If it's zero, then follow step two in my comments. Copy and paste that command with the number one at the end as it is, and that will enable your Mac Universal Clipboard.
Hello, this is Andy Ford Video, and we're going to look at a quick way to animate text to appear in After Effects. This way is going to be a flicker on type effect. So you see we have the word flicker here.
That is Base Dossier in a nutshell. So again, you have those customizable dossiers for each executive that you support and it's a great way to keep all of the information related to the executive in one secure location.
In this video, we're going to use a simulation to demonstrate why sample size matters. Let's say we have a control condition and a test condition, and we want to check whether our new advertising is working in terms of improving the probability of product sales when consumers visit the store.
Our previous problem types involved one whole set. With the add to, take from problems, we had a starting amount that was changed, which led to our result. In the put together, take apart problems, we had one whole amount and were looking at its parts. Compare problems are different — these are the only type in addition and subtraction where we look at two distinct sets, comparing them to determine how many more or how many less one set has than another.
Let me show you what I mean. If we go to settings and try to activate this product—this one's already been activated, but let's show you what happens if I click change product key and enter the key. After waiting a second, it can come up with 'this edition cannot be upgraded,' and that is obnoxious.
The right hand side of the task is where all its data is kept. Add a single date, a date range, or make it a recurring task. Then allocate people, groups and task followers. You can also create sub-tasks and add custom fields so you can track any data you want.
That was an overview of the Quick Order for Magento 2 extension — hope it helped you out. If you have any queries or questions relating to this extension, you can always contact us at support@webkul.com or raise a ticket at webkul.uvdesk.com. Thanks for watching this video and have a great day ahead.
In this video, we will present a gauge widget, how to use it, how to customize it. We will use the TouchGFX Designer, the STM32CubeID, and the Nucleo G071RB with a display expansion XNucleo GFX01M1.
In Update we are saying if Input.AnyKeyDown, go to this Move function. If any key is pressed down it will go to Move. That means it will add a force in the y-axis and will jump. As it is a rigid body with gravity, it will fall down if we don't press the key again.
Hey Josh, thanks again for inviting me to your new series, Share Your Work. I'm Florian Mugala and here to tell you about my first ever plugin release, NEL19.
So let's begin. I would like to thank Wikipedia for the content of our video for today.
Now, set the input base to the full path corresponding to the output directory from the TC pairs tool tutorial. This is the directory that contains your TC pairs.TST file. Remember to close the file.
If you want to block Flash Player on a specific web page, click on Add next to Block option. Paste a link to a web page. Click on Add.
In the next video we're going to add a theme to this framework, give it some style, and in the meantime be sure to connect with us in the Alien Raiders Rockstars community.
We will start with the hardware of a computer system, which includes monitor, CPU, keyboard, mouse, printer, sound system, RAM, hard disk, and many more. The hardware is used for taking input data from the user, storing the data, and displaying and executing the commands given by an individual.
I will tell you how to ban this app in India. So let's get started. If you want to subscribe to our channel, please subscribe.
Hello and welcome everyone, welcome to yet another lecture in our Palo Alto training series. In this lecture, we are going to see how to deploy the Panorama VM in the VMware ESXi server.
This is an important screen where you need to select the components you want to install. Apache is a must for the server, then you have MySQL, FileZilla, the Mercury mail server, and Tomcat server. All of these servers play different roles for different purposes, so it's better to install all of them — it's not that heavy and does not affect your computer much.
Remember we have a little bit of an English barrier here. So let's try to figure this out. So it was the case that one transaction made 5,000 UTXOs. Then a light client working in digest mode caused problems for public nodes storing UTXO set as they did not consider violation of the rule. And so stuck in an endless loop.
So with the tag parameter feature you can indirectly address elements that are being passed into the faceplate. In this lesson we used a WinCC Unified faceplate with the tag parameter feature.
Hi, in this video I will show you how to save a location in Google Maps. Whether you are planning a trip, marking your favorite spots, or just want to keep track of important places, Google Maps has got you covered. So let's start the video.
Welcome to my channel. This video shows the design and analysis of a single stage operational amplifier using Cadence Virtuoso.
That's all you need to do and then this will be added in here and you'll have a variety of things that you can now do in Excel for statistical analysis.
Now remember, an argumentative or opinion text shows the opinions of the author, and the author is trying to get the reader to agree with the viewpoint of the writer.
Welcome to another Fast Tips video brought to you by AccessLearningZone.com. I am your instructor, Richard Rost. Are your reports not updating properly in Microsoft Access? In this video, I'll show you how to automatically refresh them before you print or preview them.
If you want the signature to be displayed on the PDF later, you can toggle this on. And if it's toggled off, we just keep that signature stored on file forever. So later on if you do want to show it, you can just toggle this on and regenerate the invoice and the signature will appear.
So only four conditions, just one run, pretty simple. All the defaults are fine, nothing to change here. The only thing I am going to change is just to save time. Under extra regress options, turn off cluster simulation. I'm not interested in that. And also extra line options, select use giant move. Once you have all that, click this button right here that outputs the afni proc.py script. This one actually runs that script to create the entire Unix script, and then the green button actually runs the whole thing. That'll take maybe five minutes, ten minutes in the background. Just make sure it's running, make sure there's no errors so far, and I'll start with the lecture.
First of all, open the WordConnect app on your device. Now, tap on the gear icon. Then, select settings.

■ What the exercise asks ■
Above are the records; report how many of their lines hold the string "server", with no other words.

■ Output of the exercise ■
2